Now my mom and aunt are still overweight because of the habits they were developing their whole lives, but I have achieved success. Loosing weight helped me get rid of pain caused by hernia, made me more sociable and I've made more wonderful friendships but many behaviours I've developed being fat are still sticking to me.

Sorry for really long introduction to the whole situation but I wanted to give you a good picture of my motivations.

Rn I'm looking not so terribly bad, I've been exercising daily for few months but still following a weight loss diet but my (still overweight) family have turned against me. My aunt and mother are the biggest opponents - they say that I look extremely skinny and they can see my bones (they can't, collarbones does not count) and try to prevent my diet at all costs. It's even more weird, because I still cook for them and try to HELP them loose that damn weight.

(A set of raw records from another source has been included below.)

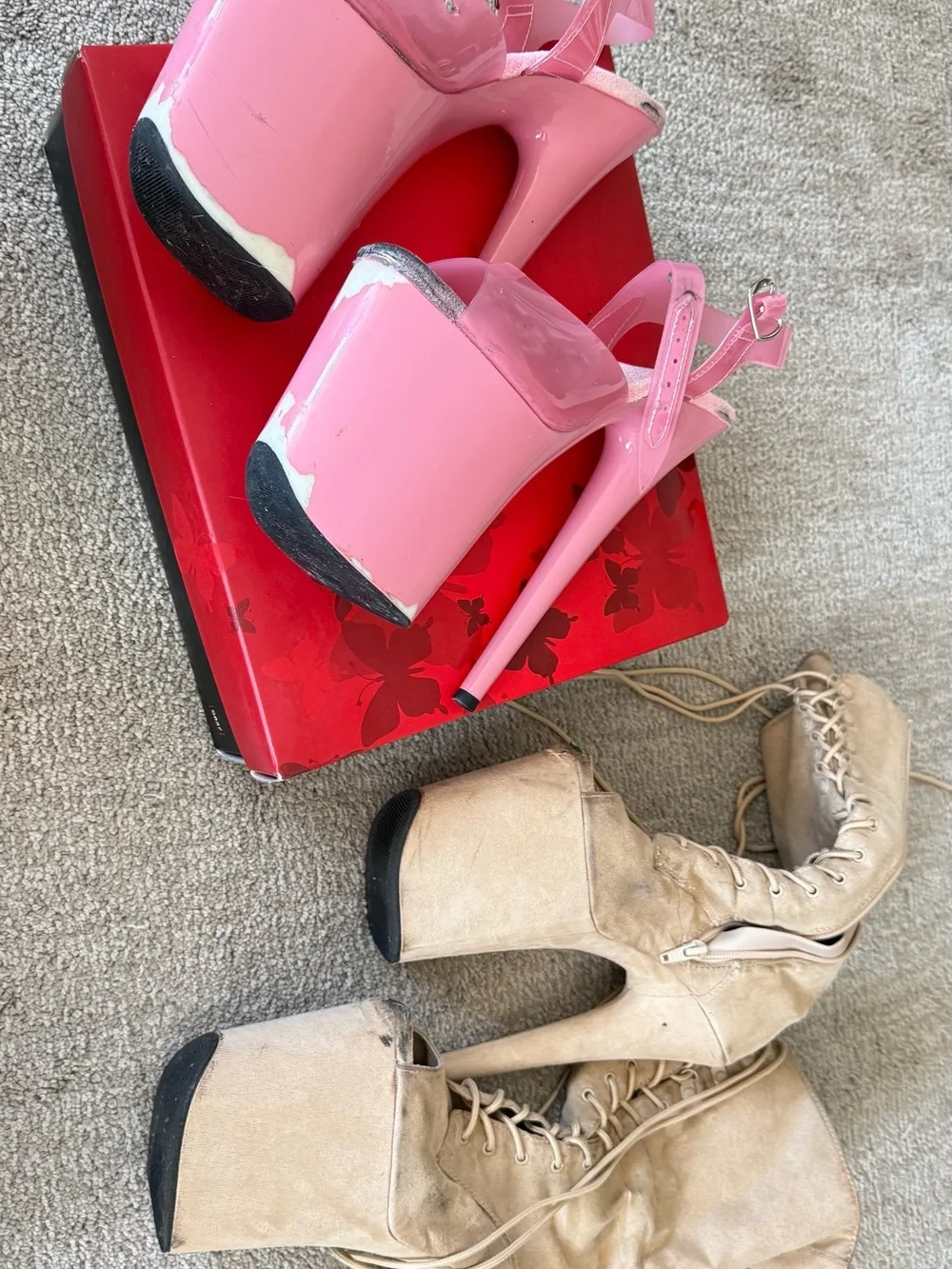 Hardly used pleaser heels
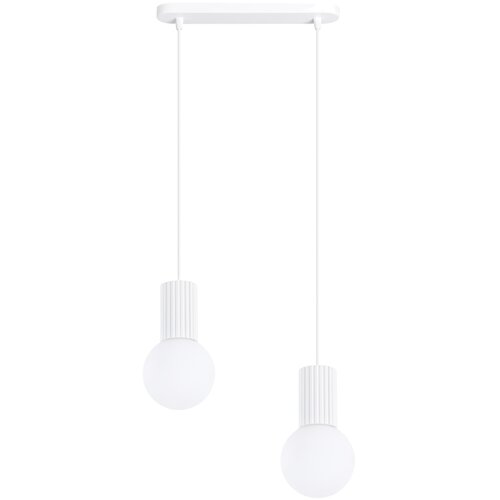 Sollux Lighting Viseča svetilka HALO 2L bela, (5000352122) Cene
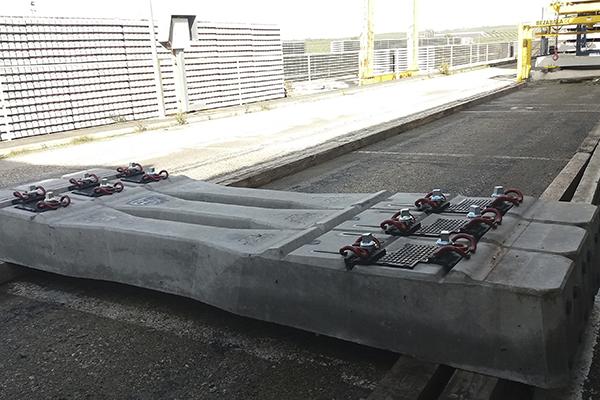Prefabricados Delta in 2018 has supplied mixed width railway sleepers for the Mediterranean Corridor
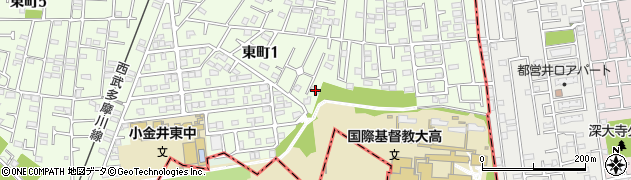 東京都小金井市東町1丁目18-4周辺の地図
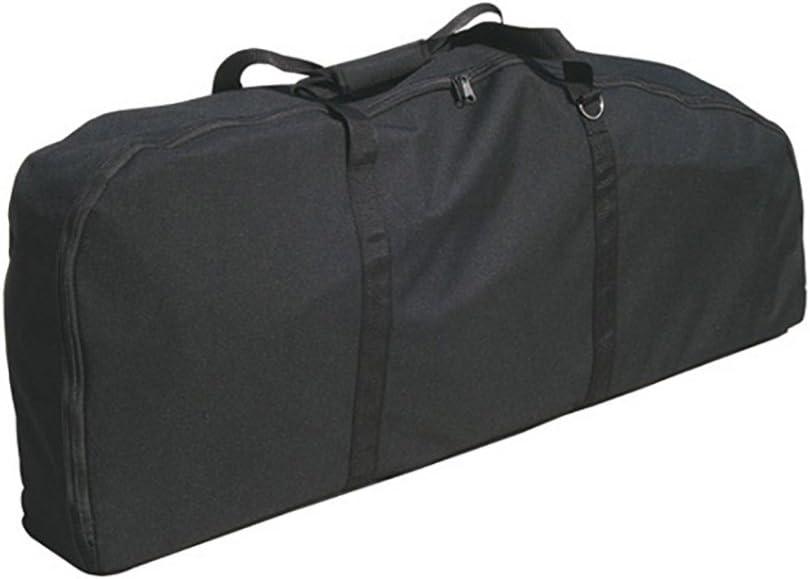 Premium Portable Massage Chair Carrying Case  Heavy-Duty Nylon Travel Bag with Zipper Closure & Dual Handles  Fits Most Folding Massage Chairs  Black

I've had a long talk with my mom few weeks ago and it helped till now when again she wants to do everything to stop me from loosing weight (now I'm kind of skinny-fat so the more fat I loose the easier it will be to do the cut after bulking) (I just want to get down to the 132lbs 60kgs so only 10/5 lbs/kgs left). I know that she cares about me so I shouldn't be upset but I thought she understood everything when I explained my motivations few weeks ago (it was really honest and hard talk). I don't know how to calm them down and explain that I am definitely not going to become anorectic or anything like that.

I'm doing my best to change my and their lives but it has become extremely hard since everyday I hear that we should visit a doctor, they can see my bones or statements that I don't know when to say stop.

Everyone who is still there, please give me an advice on how I should explain to my family that I'm okay and that the healthy habits are really important to me as they changed my life and greatly improved my mental health. Thanks in advance.